I had to recreate the Forth instance for each sub-test. Why? Because we search the lexicon from first to last and therefore find the first definition of TEST not the last. Make a card for that one, and move on. So far none of them have found a flaw in what we have as the basic handling,

Recasting the tests to use the new protocol fixes each of them. Zero problems found other than calling correctly nothing inside Forth object. One test is still failing:

    def test_syntax_error(self):
        f = Forth()
        s = '; SQUARE DUP + ;'
        with pytest.raises(SyntaxError) as e:
            f.compile(s)
        assert (str(e.value) ==
                'Syntax error: "; SQUARE DUP + ;". Missing : or ;?')

This is a syntax error with ; before colon. We need to improve that handler:

    case ';':
        key, definition_name = self.compile_stack.pop()
        if key != ':':
            raise SyntaxError(f'Syntax error: ; without :')
        word = SecondaryWord(definition_name, word_list[:])
        self.lexicon.append(word)
        word_list.clear()

We enter with the compile stack empty. Better check that.

    case ';':
        if self.compile_stack.is_empty():
            raise SyntaxError(f'Syntax error: ; without :')
        key, definition_name = self.compile_stack.pop()
        if key != ':':
            raise SyntaxError(f'Syntax error: ; without :')
        word = SecondaryWord(definition_name, word_list[:])
        self.lexicon.append(word)
        word_list.clear()

Change the test to expect that message, and we are green.

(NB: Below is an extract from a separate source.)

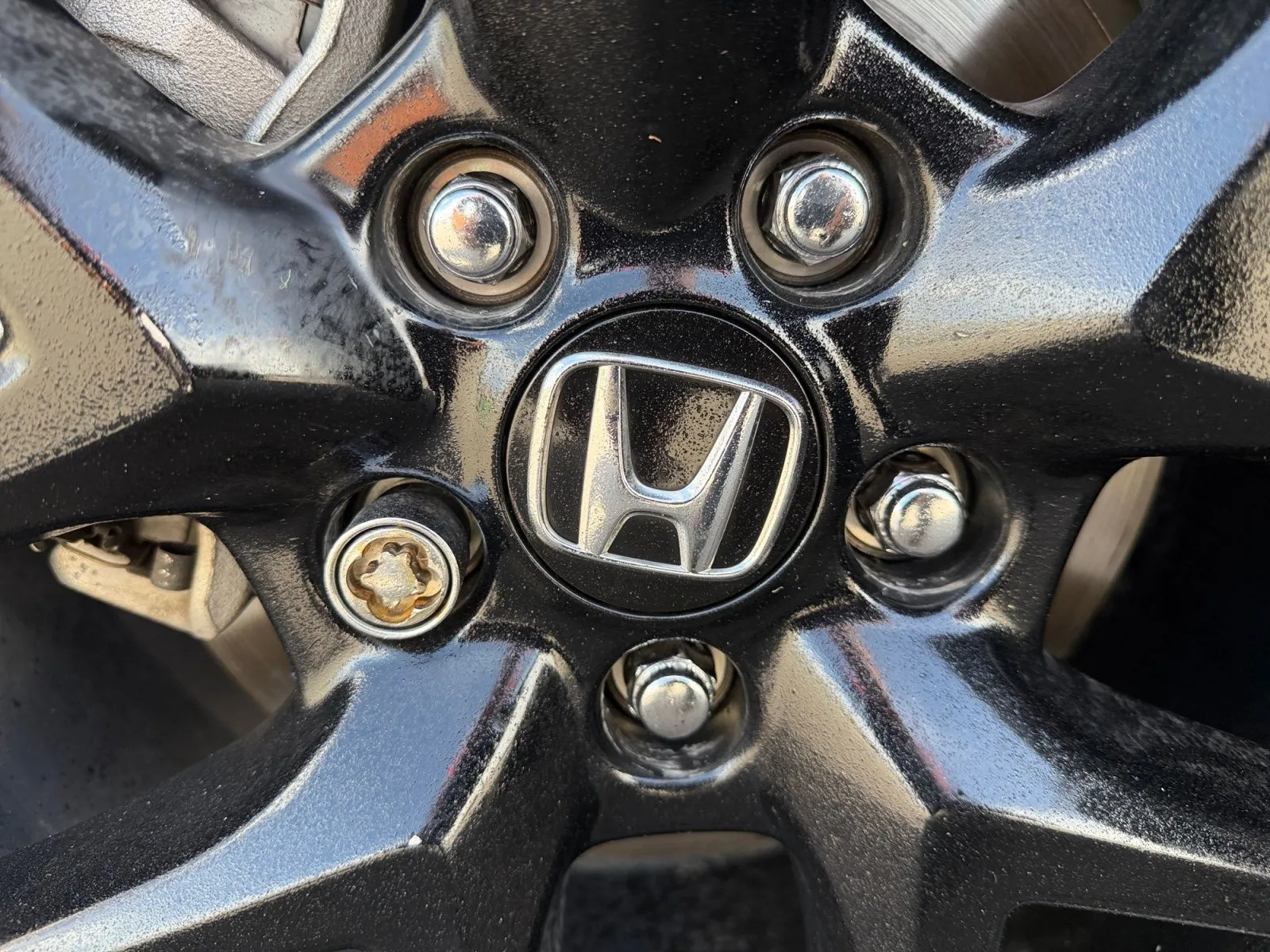 Honda Civic photo 32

I did remove that long invasive test of the colon and semicolon, since they are well tested by the other tests and the scaffolding one would have needed revision to deal with the token list instead of the word iterator. The whole team agreed with removing it.

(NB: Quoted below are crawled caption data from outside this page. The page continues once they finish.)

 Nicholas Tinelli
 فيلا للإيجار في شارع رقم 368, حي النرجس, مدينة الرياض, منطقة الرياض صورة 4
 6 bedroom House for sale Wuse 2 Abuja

Commit: New compile includes execute, passing all tests.

We’ll stop here. I am three(!) hours in. This was a bit tedious and I am tried. It was stressful, more than I’d like, because the necessary changes broke so many tests. Even though they were all easy to fix up, I can feel in my next that I was stressing. Or maybe just had bad posture: my eyes are a blit blurry this morning.

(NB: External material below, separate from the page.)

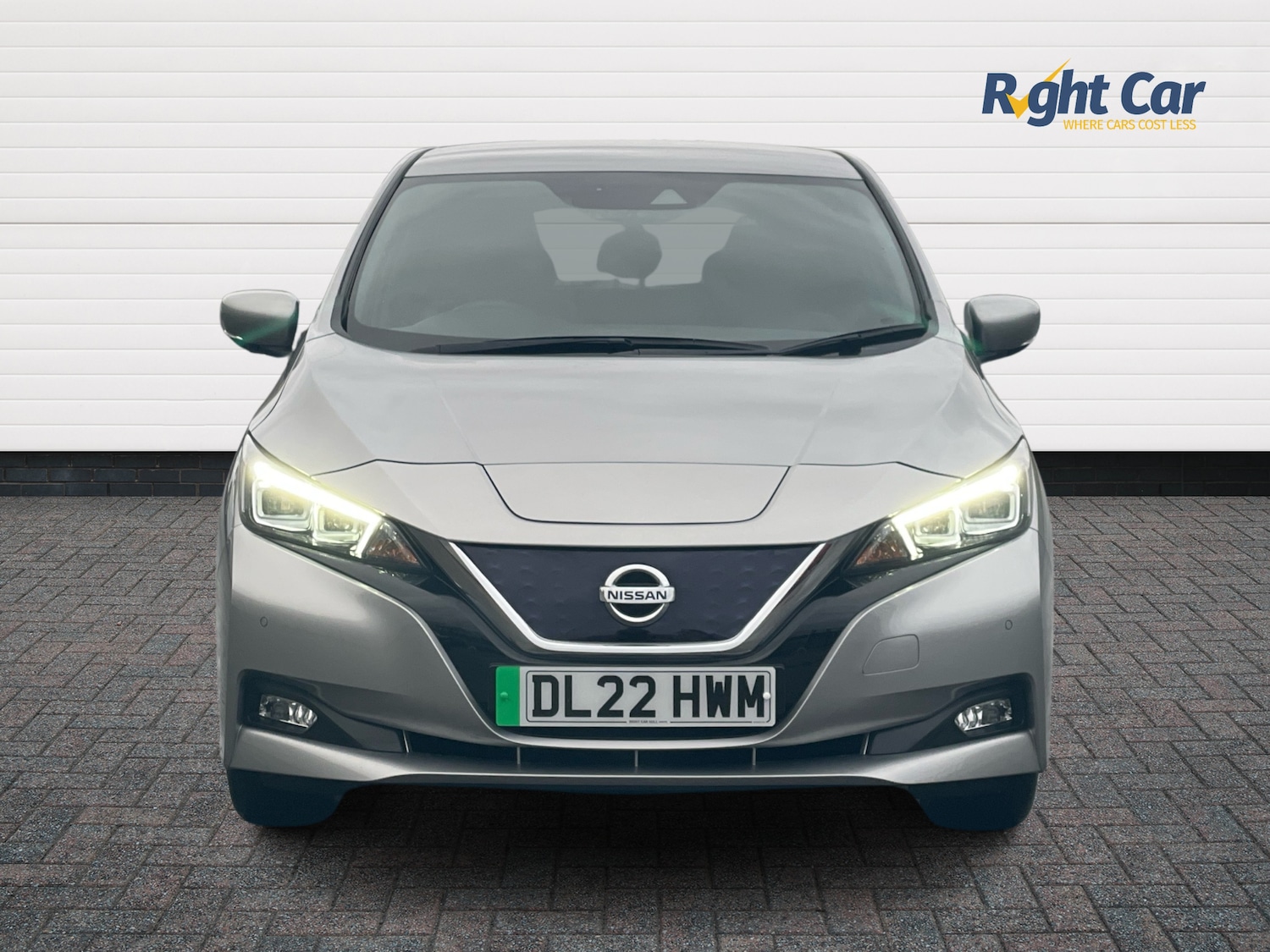 Used Nissan Leaf 2022 for sale - 76901547: Photo 7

Anyway we’ll have a nice reflective summary now, if you please.

Summary

My basic plan held water! I am pleased. It’s doing what it needs to do!

We have a bug / feature request: Deal properly with redefining the same word in the same session. Forth’s “real” behavior is that you can redefine a word, and the old users get the old code and anyone using the word after the redefinition gets the new one. Should be easy enough. We’ll also look at Forth’s FORGET word when we deal with that. FORGET drops a word from the lexicon, and also any words defined after that word, whether they use the word we FORGET or not Caveat emptor, I guess.

I think it was wise to build and test the inside colon and semicolon handler first, because the tests gave us confidence that they were doing the right thing, so they weren’t part of our worries. That left the odd handling of the word list and token list, which did take two tries to get right. Pardon, I should have said “two tries to get working”.

I am not going to claim that the current code is “right”. It works solidly, at least when fed legitimate Forth. But I am far fro convinced that it is well-factored and as clear as we would like it to be. It seems too complicated to me just now. And our newer words, ‘:’, ‘;’, ‘DO’ and ‘LOOP’ are not as nicely factored as the earlier words were … and the existing methods that those older ones use do not quite fit the newer ones.

So I think we have some refactoring to do between compile and compile_word_list, and refactoring to do inside compile_action_word, before we can be entirely proud of our work. It’s working, but the code is not righteous. Yet.

But making code better, that’s what we do. And what we will do, in our upcoming sessions. See you then!